Workplace Harassment: Advice Searches Up by 21% in 2022

Searches for terms around ‘workplace harassment’ increased by 21% in 20221, while TikTok views on relevant content have reached a whopping 18 million2, highlighting just how many of us are looking into the topic and may be experiencing harassment.

The issue hasn’t gone unnoticed however, as 2022 saw the beginning of processes to amend the current Worker Protection (Amendment of Equality Act 2010) Bill 2022-23 to help ensure employers are doing all within their power to protect employees. The changes have yet to be confirmed by the UK government.

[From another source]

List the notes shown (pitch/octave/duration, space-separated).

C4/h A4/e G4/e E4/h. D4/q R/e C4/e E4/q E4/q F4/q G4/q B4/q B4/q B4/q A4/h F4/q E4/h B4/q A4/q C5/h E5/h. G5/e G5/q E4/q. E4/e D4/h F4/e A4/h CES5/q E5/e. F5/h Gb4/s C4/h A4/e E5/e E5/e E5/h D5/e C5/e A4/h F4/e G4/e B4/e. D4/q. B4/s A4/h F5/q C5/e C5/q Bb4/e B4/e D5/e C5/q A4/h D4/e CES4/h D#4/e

Here at First4Lawyers, we have also seen a 114% increase in workplace harassment claims in 2022 compared to the previous year3.

So how can you be better informed about workplace harassment and the support available to you should you experience the issue?

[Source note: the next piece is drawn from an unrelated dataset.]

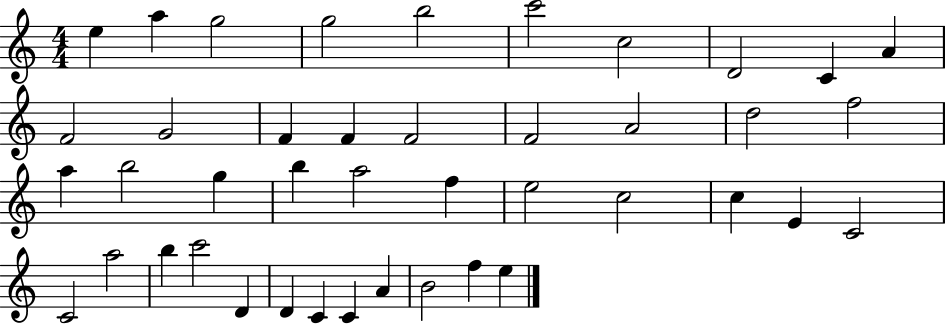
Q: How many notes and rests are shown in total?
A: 42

Jacqueline Busby, First4Lawyers head of claims and legal expert, sheds light on the meaning of workplace harassment, signs it may be happening to you and expert advice for handling the situation.

Jacqueline comments: “It’s important for employees to know that the law is on their side when it comes to workplace harassment, however, many are unaware of the support available to them. Hopefully these tips will help workers understand their rights and feel more confident about taking legal action should they need to.”

What is workplace harassment?

Harassment is defined as “unacceptable behaviour by one or more individuals that can take many different forms, some of which may be more easily identifiable than others.”4

It can be carried out by anyone within the workplace, whether that’s one or more managers, workers, service users or members of the public who have the intention or effect of violating a worker’s dignity, affecting their health and/or creating a hostile work environment.

5 signs of workplace harassment

  1. Repeated behaviour or a one-off incident
  2. Destroying of property
  3. Isolating another worker
  4. Spreading rumours
  5. Making remarks about a person’s body
  6. Persistent sexual comments

What should you do if you’re experiencing workplace harassment?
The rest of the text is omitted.